Clearing marijuana offenses in N.J. is coming — if Murphy signs bill this time
Submitted by New Jersey Drug Crime Lawyer, Jeffrey Hark.
People convicted of marijuana offenses in New Jersey are closer to getting their records cleared, as the state Legislature voted Monday to pass an expungement bill.
“This move will make it possible for thousands of residents now and in the future to truly be able to turn the corner and not have long forgotten mistakes marking them like a ‘scarlet letter’ for the rest of their lives,” on of the measure’s sponsors, state Assemblywoman Annette Quijano, D-Union, said in a statement.
The bill passed the state Assembly 48-21 and the state Senate 22-15, marking the second time expungement legislation has cleared both chambers. Gov. Phil Murphy now must sign the measure for it to become law.
In August, Murphy, a Democrat, conditionally vetoed an expungement bill. He added new details for a “clean slate” automated process that would clear convictions and criminal records. It also mandated creation of an e-filing system, elimination of fees and $15 million to expand the workforce needed to process expungement petitions before the automated system is ready.
That automation is the “gold standard” of expungement law, officials have said. Only two other states, Pennsylvania and Utah, have similar laws.
Senate Democrats could have voted to concur with the governor’s changes, but instead introduced a new bill in September, further delaying the process.
Police have arrested nearly 1 million people in New Jersey on marijuana charges since 1990, according to the state judiciary. That gives the Garden State one of the highest marijuana arrest rates in the nation. If those convicted seek to clear their records, they face one of the most burdensome expungement systems in the country, as reported earlier this year by NJ Advance Media.

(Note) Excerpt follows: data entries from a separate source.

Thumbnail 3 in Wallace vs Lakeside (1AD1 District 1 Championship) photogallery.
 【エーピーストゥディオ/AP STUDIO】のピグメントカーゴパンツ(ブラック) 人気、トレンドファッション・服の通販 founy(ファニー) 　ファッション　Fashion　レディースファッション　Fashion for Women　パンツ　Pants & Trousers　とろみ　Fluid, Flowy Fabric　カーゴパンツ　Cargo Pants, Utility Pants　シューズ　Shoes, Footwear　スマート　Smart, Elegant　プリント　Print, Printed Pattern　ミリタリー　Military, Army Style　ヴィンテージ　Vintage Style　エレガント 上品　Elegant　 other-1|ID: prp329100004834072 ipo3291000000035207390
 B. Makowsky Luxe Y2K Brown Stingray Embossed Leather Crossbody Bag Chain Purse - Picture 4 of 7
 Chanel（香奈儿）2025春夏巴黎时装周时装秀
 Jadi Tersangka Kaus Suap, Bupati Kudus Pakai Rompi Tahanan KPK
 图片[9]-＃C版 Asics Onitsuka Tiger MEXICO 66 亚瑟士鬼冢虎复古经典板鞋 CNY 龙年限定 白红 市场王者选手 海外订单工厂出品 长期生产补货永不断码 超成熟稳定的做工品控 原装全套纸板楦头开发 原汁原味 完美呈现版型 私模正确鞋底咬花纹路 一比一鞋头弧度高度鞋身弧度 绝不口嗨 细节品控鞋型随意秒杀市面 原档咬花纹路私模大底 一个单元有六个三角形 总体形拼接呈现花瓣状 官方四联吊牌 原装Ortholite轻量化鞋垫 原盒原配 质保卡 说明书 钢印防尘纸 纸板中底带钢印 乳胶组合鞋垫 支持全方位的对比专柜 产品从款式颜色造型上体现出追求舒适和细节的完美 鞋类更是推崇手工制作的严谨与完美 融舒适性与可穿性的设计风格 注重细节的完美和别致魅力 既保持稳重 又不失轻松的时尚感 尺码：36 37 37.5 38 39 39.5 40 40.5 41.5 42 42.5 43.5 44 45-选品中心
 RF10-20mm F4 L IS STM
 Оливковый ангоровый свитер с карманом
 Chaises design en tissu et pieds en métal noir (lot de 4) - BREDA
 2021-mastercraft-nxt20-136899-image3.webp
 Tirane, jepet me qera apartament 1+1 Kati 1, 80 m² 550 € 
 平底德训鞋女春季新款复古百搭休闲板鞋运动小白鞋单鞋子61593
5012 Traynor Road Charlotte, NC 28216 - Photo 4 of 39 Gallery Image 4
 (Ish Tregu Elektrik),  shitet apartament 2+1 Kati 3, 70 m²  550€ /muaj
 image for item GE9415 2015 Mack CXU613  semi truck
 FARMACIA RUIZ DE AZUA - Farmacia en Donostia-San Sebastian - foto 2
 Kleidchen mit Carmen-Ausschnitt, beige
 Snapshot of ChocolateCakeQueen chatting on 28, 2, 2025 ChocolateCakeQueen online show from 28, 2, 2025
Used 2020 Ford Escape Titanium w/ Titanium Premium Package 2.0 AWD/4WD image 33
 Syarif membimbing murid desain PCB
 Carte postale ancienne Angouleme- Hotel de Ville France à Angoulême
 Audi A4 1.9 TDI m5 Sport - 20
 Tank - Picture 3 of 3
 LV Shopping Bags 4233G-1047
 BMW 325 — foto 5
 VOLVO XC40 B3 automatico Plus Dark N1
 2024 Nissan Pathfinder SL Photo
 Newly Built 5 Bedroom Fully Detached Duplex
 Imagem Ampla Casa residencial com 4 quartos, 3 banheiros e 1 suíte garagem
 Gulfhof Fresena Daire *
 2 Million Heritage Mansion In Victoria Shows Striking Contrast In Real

Some have criticized expungement, arguing it makes no sense to clear past convictions without decriminalizing pot to stop new arrests. Others argue that those charged years ago with marijuana offenses cannot wait any longer for the relief and opportunities a clean record brings.
Assemblywoman Serena DiMaso, R-Monmouth, criticized the bill, saying it goes too far in expunging marijuana offenses for possession of up to five pounds. She also said the $15 million allocated to the improvements seemed too high, given the state’s “budget woes.”
“This is a fight for social justice — for the many residents who need a clean slate,” said Assemblyman Jamel Holley, D-Union. “This legislation forges a path to real justice for over 2,000 eligible citizens and opens the doors to them for economic opportunity and a second chance.”